Late in the afternoon on June 6, I arrived at the generically named Oklahoma City National Memorial -- nothing in the name about bombing, or the federal building that once stood there. I suppose no one old enough to remember the bombing, which is still most of us, needs to be reminded about those particulars.


Still, human memory being the faulty thing that it is, I have to wonder how long the memory of the Murrah Federal Building bombing will endure. It's idle speculation, since by definition none of us will still be around after the living memory of the attack is gone. But it's instructive to note that few these days have ever heard of the Wall Street bombing of 1920 or the ghastly Bath, Michigan, schoolhouse bombing of 1927, just to cite two similar crimes that weren't even a century ago.
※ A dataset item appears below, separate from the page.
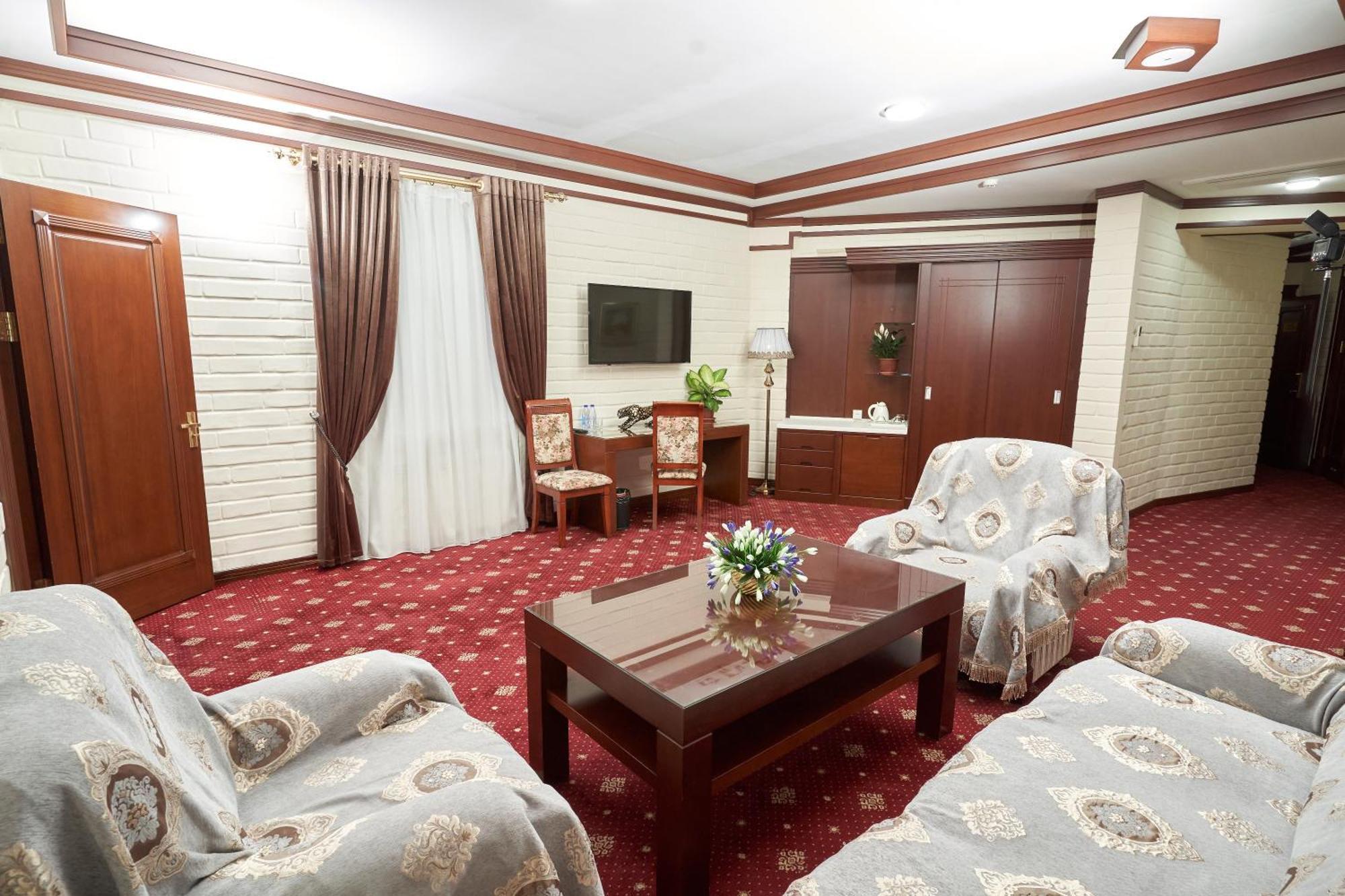 Hotel Rakat Plaza Tashkent Esterno foto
On the other hand, if collective memory can be buttressed by an arrestingly poignant memorial, Oklahoma City stands a good chance of being remembered far into the future. More about the designers, who are not household words, here. Posterity may become fuzzy on the details, but the significance of 168 empty chairs isn't likely to be lost.



The chairs are in rows, one for each floor of the building, in a green space that was once the footprint of the building. The only part of the building still standing is a fragment of a wall off in a corner, inscribed with names of survivors. What was once the street in front of the building is now a reflecting pool. The other side of the pool is given over to a terraced green space with some trees, especially a large elm that used to be the only shade for the Murrah Federal Building's parking lot, and which somehow survived the blast. It's called the "Survivor Tree" now.


Even at 90-plus degrees, the memorial was a popular place. A few dozen people were looking around at the same time I was. I spoke briefly to the park service employee on duty at the memorial, and he was able to point out the spot where the bomb went off, which is otherwise unmarked.


I'd read about the "Gates of Time," and the memorial web site says that "these monumental twin gates frame the moment of destruction – 9:02 a.m. – and mark the formal entrances to the Memorial. The East Gate represents 9:01 a.m. on April 19, and the innocence of the city before the attack. The West Gate represents 9:03 a.m., the moment we were changed forever..."



Just reading about them before I visited, the gates sounded odd. Time-stamps? But the gates are essential. Without the frame they create, the rest of the memorial wouldn't be nearly as complete as it is, especially since they mark the boundary between the city outside the memorial -- now -- and the memorial -- then -- as you enter. I came in through the 9:01 gate, pictured above looking toward the 9:03 gate (the empty chairs are to the left in that picture, the Survivor Tree to the right). The time-stamps, cut so starkly in the gates and facing inside the memorial, remind you that everything can be blown away, figuratively or sometimes very literally, in an instant.